The past few weeks, there has been a recurrent theme popping up in sermons I’m listening to (both at my church, and podcasts), some of the blogs I read, and a book I’m currently reading. When the same thing keeps popping up, it’s a good indication that I need to be paying close attention. And so I’ve been mulling all this over. Chewing on it, if you will. It makes perfect sense, but there was just still a little bit gnawing at me with it with regards to application. Sometimes I’m slow. For instance, years ago, I heard a sermon (I think it was more of a series of sermons) about a particular topic. I “got it,” but I wholeheartedly disagreed, and therefore didn’t believe it applied to me at all. Years later, I heard another sermon, and “got it” to the point of believing it applied to me. I even heard another teacher teach on it, fully agreeing, and later found myself chewing it all over when the light bulb went off. It was the same thing I had heard as a kid and completely rejected, and this time I really “got it.” The whole concept. Better late than never right? 😉

Anyway, I’m now seeing a twist to this latest thing that I hadn’t expected. Since I have already put it out there once, I’ll put it out there again. Because that’s how I roll. My husband is an alcoholic/drug addict, and it is a sickness that spreads throughout the entire family. I struggle with it probably as much as he does because I think (wrongly) that it should be easier for him to give up the drugs and alcohol than it is. I fall into that thinking because I was relatively easily delivered from my porn addiction (which was just a portion of the problem). When my drinking gets to be “problem drinking,” it’s relatively easy for me to just not drink. I can carry around percocet with me 24×7 and not take it. But then I “conveniently” forget how hard it was to quit smoking and stay quit. And how many years I would still crave a cigarette. I still got an occasional craving.

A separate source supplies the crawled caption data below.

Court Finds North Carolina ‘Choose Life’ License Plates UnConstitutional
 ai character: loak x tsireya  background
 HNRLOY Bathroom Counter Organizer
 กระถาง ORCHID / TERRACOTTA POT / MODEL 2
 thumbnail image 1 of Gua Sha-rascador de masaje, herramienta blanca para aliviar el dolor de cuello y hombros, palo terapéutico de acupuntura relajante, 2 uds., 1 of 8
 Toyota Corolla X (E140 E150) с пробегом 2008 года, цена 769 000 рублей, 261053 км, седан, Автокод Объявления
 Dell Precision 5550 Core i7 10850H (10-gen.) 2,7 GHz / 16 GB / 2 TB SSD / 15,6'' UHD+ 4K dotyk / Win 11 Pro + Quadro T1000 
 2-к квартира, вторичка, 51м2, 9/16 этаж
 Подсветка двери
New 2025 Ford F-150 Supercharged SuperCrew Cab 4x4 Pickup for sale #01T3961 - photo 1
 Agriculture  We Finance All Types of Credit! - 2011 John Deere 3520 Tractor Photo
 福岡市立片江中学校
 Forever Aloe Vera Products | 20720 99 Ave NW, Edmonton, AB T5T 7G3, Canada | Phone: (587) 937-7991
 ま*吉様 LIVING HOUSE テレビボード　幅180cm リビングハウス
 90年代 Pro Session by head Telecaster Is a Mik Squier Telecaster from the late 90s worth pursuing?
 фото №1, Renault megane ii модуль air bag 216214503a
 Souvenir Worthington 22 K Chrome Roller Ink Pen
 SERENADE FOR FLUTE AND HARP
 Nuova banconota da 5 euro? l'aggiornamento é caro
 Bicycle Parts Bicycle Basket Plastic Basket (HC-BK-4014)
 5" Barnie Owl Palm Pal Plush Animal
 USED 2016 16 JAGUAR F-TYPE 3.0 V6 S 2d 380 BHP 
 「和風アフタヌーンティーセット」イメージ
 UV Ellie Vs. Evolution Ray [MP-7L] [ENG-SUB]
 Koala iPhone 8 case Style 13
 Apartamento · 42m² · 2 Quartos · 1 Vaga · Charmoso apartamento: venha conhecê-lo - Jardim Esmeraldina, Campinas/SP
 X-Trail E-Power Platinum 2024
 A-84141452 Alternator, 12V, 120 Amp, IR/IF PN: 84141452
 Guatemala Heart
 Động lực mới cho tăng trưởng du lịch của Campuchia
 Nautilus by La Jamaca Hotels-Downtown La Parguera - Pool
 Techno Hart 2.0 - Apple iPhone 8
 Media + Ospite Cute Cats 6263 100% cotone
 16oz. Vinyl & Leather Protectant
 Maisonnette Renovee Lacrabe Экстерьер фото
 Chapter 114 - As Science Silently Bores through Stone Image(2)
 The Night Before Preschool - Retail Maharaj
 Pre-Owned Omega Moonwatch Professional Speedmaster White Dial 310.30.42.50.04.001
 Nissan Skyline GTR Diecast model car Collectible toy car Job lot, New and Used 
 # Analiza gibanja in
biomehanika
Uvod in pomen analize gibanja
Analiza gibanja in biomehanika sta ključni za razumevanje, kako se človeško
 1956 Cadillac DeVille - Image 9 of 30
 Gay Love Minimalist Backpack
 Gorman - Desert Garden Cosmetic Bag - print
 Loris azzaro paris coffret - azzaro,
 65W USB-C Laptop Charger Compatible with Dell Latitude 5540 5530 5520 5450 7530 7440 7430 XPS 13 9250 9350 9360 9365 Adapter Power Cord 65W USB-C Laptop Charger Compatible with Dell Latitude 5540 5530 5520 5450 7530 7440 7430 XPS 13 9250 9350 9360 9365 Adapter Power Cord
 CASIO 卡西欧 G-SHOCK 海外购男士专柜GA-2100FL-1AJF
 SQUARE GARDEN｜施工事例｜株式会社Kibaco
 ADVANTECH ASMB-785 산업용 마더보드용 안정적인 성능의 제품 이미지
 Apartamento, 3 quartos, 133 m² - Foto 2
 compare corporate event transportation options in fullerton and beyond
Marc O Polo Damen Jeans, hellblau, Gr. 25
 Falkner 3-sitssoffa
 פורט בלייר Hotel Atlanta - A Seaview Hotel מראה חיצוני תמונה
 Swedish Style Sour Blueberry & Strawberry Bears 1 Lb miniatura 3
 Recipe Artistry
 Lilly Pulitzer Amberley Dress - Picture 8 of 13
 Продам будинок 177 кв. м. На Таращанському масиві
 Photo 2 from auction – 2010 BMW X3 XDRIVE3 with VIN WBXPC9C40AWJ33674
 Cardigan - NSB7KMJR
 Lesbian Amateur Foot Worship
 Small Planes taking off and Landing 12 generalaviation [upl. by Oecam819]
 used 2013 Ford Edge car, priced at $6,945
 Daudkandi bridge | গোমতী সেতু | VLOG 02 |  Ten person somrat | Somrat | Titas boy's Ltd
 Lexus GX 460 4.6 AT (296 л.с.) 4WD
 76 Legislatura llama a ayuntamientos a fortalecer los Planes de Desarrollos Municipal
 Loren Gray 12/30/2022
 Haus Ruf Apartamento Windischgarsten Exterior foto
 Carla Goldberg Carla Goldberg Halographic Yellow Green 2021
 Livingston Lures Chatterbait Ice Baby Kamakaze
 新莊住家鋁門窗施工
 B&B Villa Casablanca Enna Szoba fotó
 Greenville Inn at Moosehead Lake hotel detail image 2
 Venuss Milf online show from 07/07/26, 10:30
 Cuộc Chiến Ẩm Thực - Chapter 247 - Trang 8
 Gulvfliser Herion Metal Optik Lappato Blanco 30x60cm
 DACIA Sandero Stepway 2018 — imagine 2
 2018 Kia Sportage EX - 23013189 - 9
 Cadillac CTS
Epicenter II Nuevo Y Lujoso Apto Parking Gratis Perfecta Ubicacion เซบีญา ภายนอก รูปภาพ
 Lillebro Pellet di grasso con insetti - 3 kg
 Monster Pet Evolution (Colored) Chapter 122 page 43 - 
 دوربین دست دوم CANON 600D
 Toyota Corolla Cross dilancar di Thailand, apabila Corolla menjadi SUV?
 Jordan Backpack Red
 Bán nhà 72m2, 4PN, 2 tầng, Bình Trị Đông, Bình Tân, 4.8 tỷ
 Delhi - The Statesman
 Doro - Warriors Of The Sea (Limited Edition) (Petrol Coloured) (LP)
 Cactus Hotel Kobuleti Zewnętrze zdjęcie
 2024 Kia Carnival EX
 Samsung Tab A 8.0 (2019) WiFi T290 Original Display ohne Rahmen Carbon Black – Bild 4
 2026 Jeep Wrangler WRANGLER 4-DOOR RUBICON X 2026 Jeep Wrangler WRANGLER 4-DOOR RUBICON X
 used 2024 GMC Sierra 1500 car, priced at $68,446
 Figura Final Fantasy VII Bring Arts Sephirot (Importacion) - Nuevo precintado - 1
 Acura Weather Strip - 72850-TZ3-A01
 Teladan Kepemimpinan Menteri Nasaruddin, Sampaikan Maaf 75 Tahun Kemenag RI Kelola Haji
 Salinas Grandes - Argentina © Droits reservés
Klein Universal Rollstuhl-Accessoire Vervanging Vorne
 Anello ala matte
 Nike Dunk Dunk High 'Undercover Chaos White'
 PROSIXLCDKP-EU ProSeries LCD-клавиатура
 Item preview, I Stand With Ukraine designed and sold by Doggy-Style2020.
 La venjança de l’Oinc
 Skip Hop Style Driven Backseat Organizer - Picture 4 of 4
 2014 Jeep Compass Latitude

But since I forget what is difficult for me, I fall into that trap of thinking I know the solution. “Just go to AA! You know it works!” Here’s the problem. He said once that at AA all they talk about is drinking, and that just makes him want to drink. That did not make a lick of sense to me despite the fact that I can spot a lit cigarette smouldering in the street as I am driving and crave so bad it takes every bit of willpower I have not to stop and buy a pack. I think it was Pastor Benji who was talking about what we concentrate on saying that for an alcoholic that’s trying to quit drinking by saying “Don’t drink! Don’t drink!” over and over to themselves is always thinking about drinking. And so, eventually, they will drink again. And now I get it.

Therefore, all the sermons, blogs, and the book are all saying the same thing. If you are always (or mostly) thinking about not committing a particular sin (or sins), your focus is on the wrong thing. It’s not merely a battle of wills. It’s like when Jesus was walking on the water toward the boat the disciples were in, and had Peter to walk out to him. Peter was walking on the water just fine as long as he was looking at Jesus. When he looked at the wind and the waves, he began to sink. He lost his focus on who was keeping him on top of the water in the storm. If any of us could overcome our sin by sheer willpower, we wouldn’t need Jesus at any point in our lives. Bottom line, we never stop needing Jesus. So instead of looking at our temptations and trying to overcome it by white-knuckling through the weakness, we need to look to Jesus and reach out to him. We will be overcome with exhaustion eventually trying to do it ourselves, but He will never let us go.

Rather than “getting a hold of myself,” I need to let go of myself. Rather than spending my energy on trying not to do what I don’t want to do, focus on doing what I know to be good, looking to Jesus to lead me where He wants me.

In which I hit publish before determining a title

I’m thinking I probably shouldn’t try to blog with a headache coming on and with brain fog. Especially when it’s “Theological Thursday” and I have no topic in mind yet. lol But, heck, when has that ever stopped me.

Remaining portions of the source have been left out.